The First Day of Class

Just as she was about to leave her office, she realized that she had forgotten to buy a new backpack, as her old one fell apart on her last day of classes. She was going to be late to class if she didn't leave immediately, so she figured that she would just go to class without anything and run back to her office to pick up whatever she needed. Because she couldn't trust herself to remember to pick up things she had put down and she didn't want to lose anything she brought to class, she decided that she wouldn't put anything down anywhere except in her office. Since she had to keep her labels consistent, she would have to either put her stuff back where the label said she could find it or she would have to change the label.

With the rules she had set up, she left for the classroom. When she entered the classroom, she gave a brief introduction to the students and then told them that she was going to discuss the syllabus with them. Just as she was about to hand out the syllabus, she realized that she had left the syllabus back in her office. About five minutes later, she was back at the classroom with copies of the syllabus for everyone. Having distributed the syllabus out to everyone, she started reading off her copy when she felt that it would be good to write something on the board, but her markers were back at the office. Another five minutes passed before she returned to the classroom with the markers, but since she couldn't carry both the markers and the syllabus (her dress didn't have any pockets), she had to leave the syllabus back at her office. A few minutes later, she needed to refer to the syllabus again, and, not wanting to steal a syllabus from the students, she decided to go back to her office.
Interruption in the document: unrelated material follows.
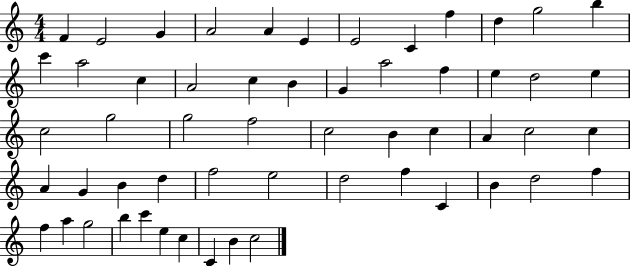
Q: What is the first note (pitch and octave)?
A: F4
She then came back with the syllabus and started discussing the textbook, which was back in her office, so she went back to her office to get the textbook so she could read a few example problems. Once she read a problem, she wanted to show the class how to work the problem, which required a marker, so she went back to her office to get the markers. After coming back, she started writing down the problem, but because she didn't have the textbook, she kept having to go back to her office to get the textbook. Before she had finished writing down the first problem, class ended, and she felt terrible. She immediately went out to buy a backpack before her second class started.

The Second Class

Now that the professor had her backpack, she realized that she wouldn't lose anything she brought to class if she put it in her backpack immediately after she finished using it, so she updated her old rule of only putting things down in her office to the new rule of either putting things down in her office or putting things in her backpack when she stopped using them.

She also updated her labeling scheme, where she had a list of everything in her backpack and where she could find it in her backpack. If she took something from her backpack out, she would have to either put it back where her list said it was or change the list. If she took something from her backpack and put it in her office, she would remove it from the list.

First, she reasoned that putting everything in her office into her backpack would be efficient since she would never have to go back to her office, but then she realized that she wasn't a forklift and trying to lift her entire office would probably injure her. Plus, it's not like she could fit everything into her backpack anyway. She had to get a small backpack since larger backpacks cost way more than smaller backpacks. And even if she could fit everything into her backpack and carry everything to the classroom, finding anything in the backpack would be a nightmare.

Anyway, she decided that she would pack everything she needed for her next two classes since she could fit everything she needed in her backpack with a little room to spare. If she forgot anything, she would go back to her office and get it.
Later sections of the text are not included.